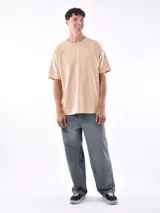 Remera de manga corta color beige, con corte oversize y cuello redondo.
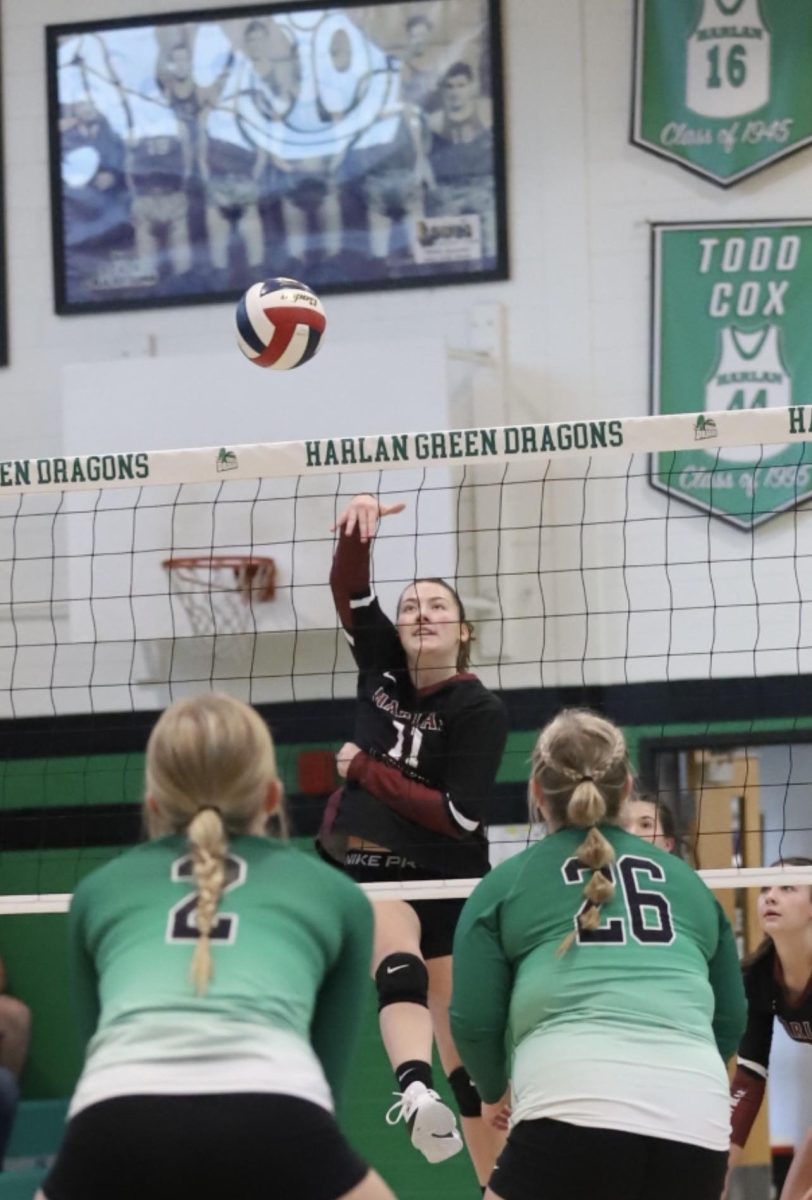 Harlan County sophomore Kylee Hoiska sent the ball back over the net against Harlans Mallory McNiel and Taylor Hall in district action Thursday. The Lady Bears won 25-10, 25-14, 25-8.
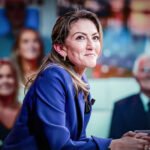 Politicus aan een talkshowtafel met publiek op de achtergrond, tijdens een gesprek over persoonlijke verhalen en politieke macht.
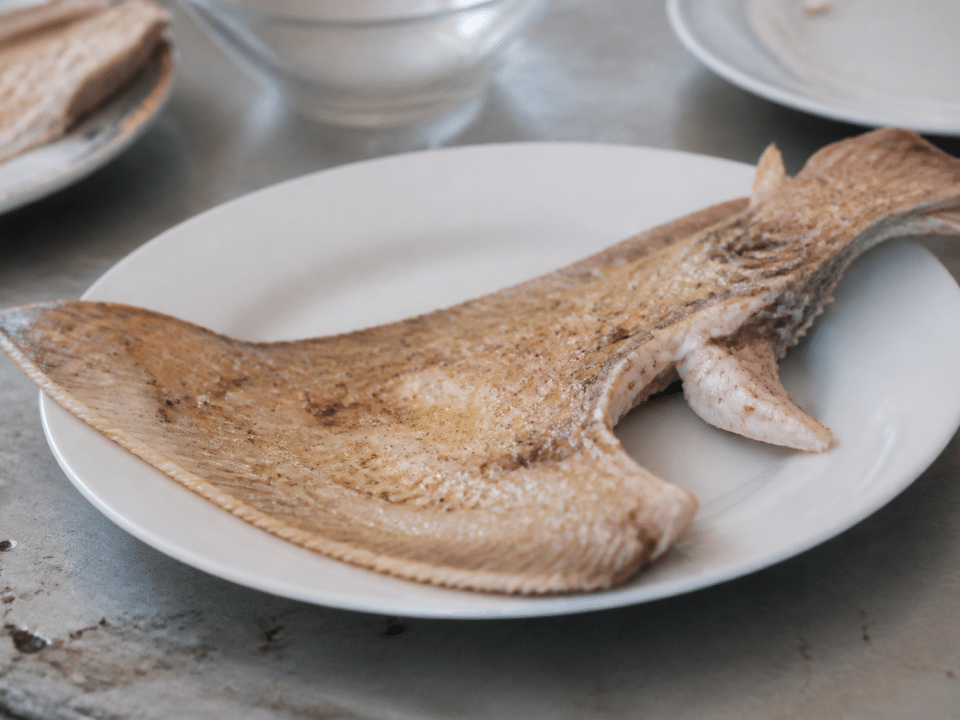 Aile de raie cuite posee dans assiette blanche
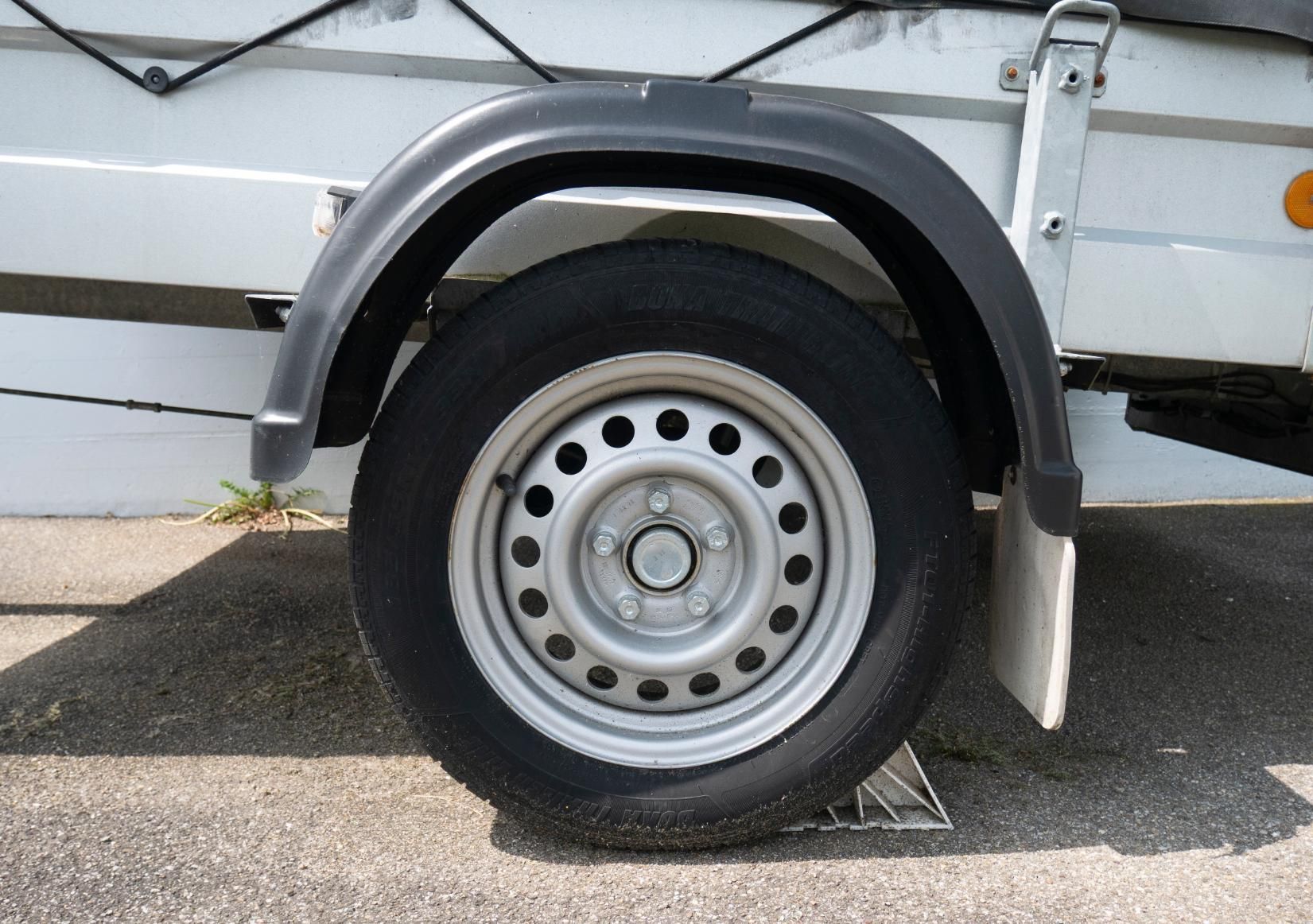 A close up of a trailer wheel on a road.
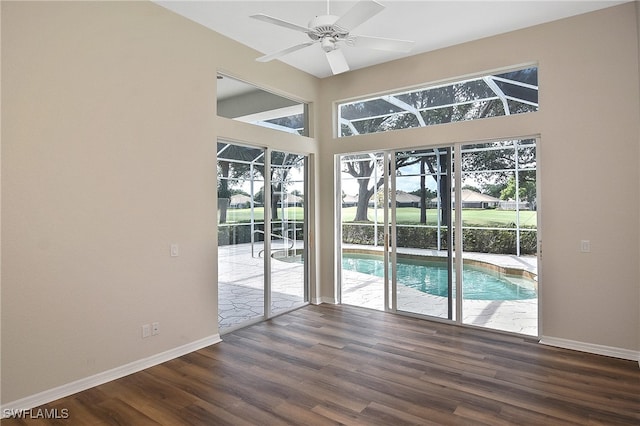 19741 Vintage Trace Cir, Estero, FL 33967 - unfurnished room with wood finished floors, baseboards, and ceiling fan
- - -
• Work to be completed: Your copy should match every entry above exactly and contain no pictures.

• Expected answer:
 Remera de manga corta color beige, con corte oversize y cuello redondo.
 Harlan County sophomore Kylee Hoiska sent the ball back over the net against Harlans Mallory McNiel and Taylor Hall in district action Thursday. The Lady Bears won 25-10, 25-14, 25-8.
 Politicus aan een talkshowtafel met publiek op de achtergrond, tijdens een gesprek over persoonlijke verhalen en politieke macht.
 Aile de raie cuite posee dans assiette blanche
 A close up of a trailer wheel on a road.
 19741 Vintage Trace Cir, Estero, FL 33967 - unfurnished room with wood finished floors, baseboards, and ceiling fan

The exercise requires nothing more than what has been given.